[TASK STATEMENT] Using the listing below, copy exactly the lines from the one containing "2011 Volvo S60" to the one containing "chłodnica skraplacz klimatyzacji", both lines included, and no others.

**** SUPPLIED INFORMATION

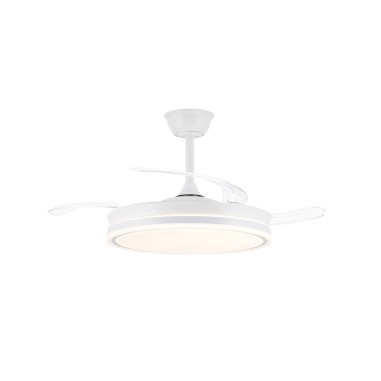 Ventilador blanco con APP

********
**** SUPPLIED INFORMATION

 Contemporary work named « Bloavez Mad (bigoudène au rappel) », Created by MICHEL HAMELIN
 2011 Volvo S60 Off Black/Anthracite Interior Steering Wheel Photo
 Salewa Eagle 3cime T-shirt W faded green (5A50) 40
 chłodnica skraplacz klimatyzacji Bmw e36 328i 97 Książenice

********
**** SUPPLIED INFORMATION

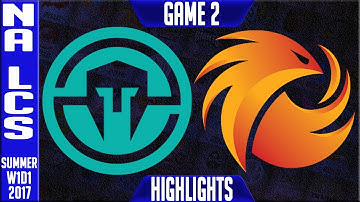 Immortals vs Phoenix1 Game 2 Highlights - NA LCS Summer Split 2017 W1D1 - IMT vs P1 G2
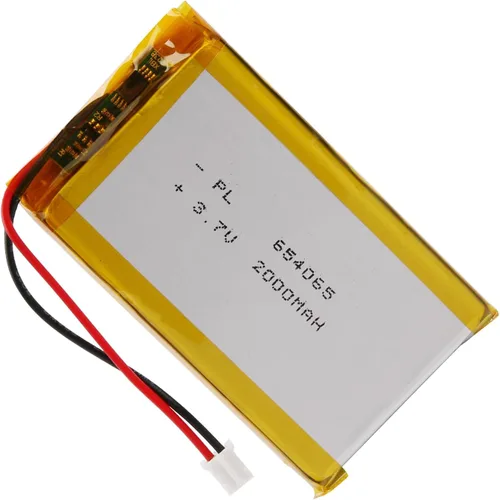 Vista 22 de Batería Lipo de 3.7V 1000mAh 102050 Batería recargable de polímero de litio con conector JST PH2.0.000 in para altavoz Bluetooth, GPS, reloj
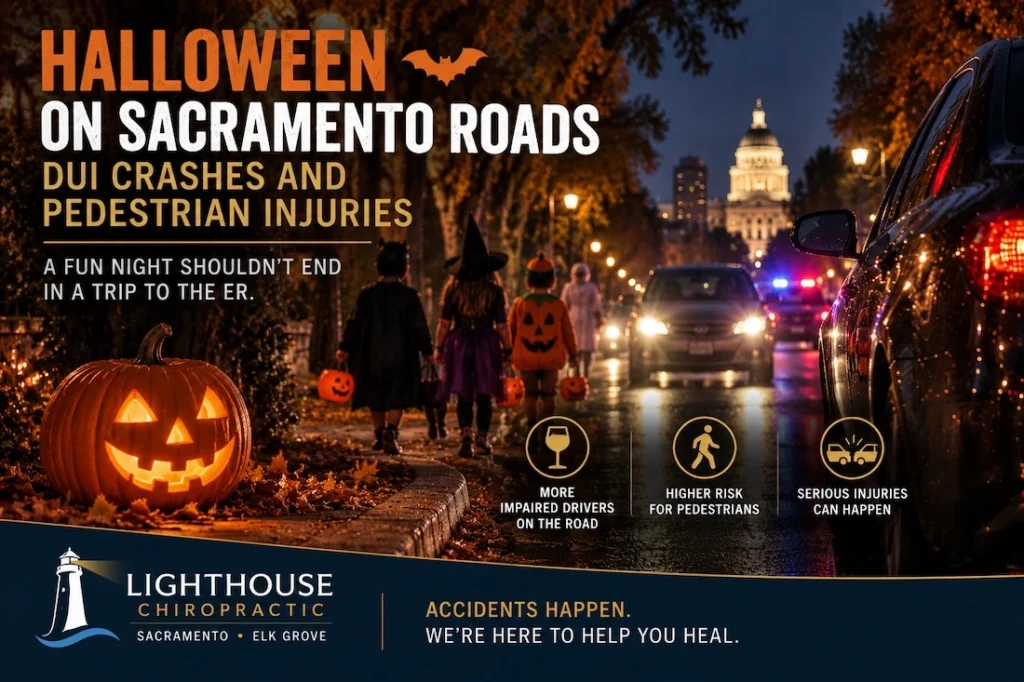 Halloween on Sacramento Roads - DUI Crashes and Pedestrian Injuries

********

[RESPONSE TO THE EXERCISE]
 2011 Volvo S60 Off Black/Anthracite Interior Steering Wheel Photo
 Salewa Eagle 3cime T-shirt W faded green (5A50) 40
 chłodnica skraplacz klimatyzacji Bmw e36 328i 97 Książenice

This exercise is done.